The notion of "stare decisis" is incumbent in the nature of a common law system. Granting such a notion the same status as the Constitution itself clouds the issue of constitutional interpretation.
Yes, that was more questionable. Basically, when a Supreme Court of the day feels that a previous Supreme Court made an error in applying the Constitution, their recourse ought to be to the process of constitutional amendment (which is not retroactive) rather than reversing a previous decision (which is retroactive).
To be honest, these last two are matters of opinion re the extent of previous judicial (over) reaching.
In principal, though, I think some of these points miss the value of a common law system over a statute or code system. The later involves an agreed upon code of laws, which judges must always enforce. The former involves an organic system of precedents which is always deferred to but always evolves with new legislation and new circumstances. The later is theoretically more predictable but in practice less so: applying a code almost always leaves it up to the judge to define specific circumstances. A common law system (which is what the US currently has) actually becomes more predictable: by defining a more myriad number of circumstances, it actually becomes clearer than a code. Granted, a large part of legal argument is determining which cases apply, but that's what lawyers are for.

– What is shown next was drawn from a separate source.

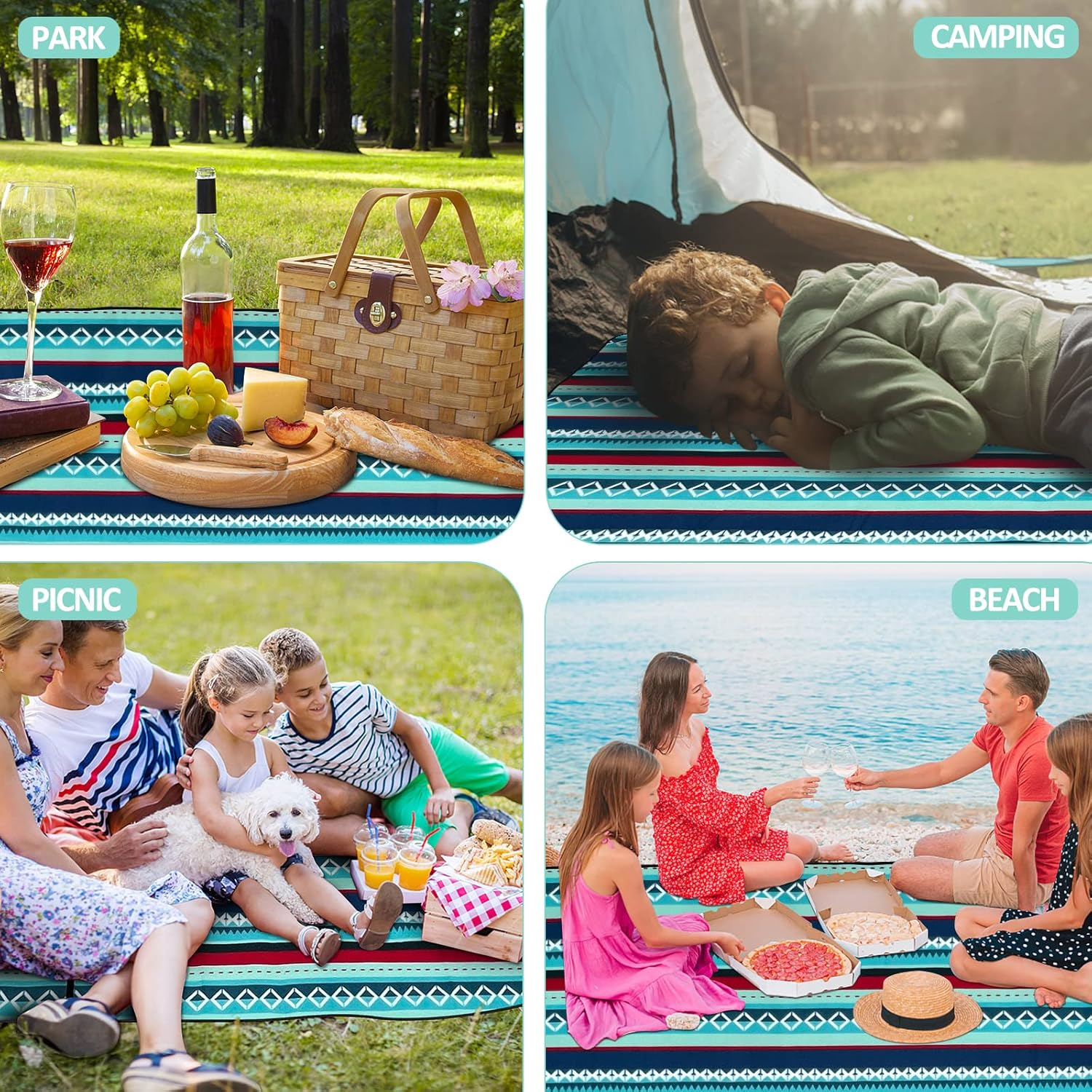 Picnic Blanket Portable, 300X200Cm Large Outdoor Rug with Waterproof Backing, Picnic Mat with Carrying Handle, Suitable for Camping, Travel, Park, Beach, Garden, Family Gathering image number 4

IMHO, the consequences of introducing the kind of provisions you envision would increase litigiousness and decrease the efficiency of the justice system. The flexibility previously afforded by the present common law system would not disappear. Rather the inflexibility of the new system would lead to more voluminous amendments to the US constitution (similar to many state constitutions). Additionally, the increased power of the SC (and by extension the entire federal judiciary) would increase the difficulty of filling nominations to that body.
Note that personally I sympathize with the notion that US courts overreach their authority (eg. Bush v Gore). However, I think there are other remedies that may prove more helpful (term limits for judges, more SC justices, renewed focus on legislation as the nexus/source of civil rights disputes).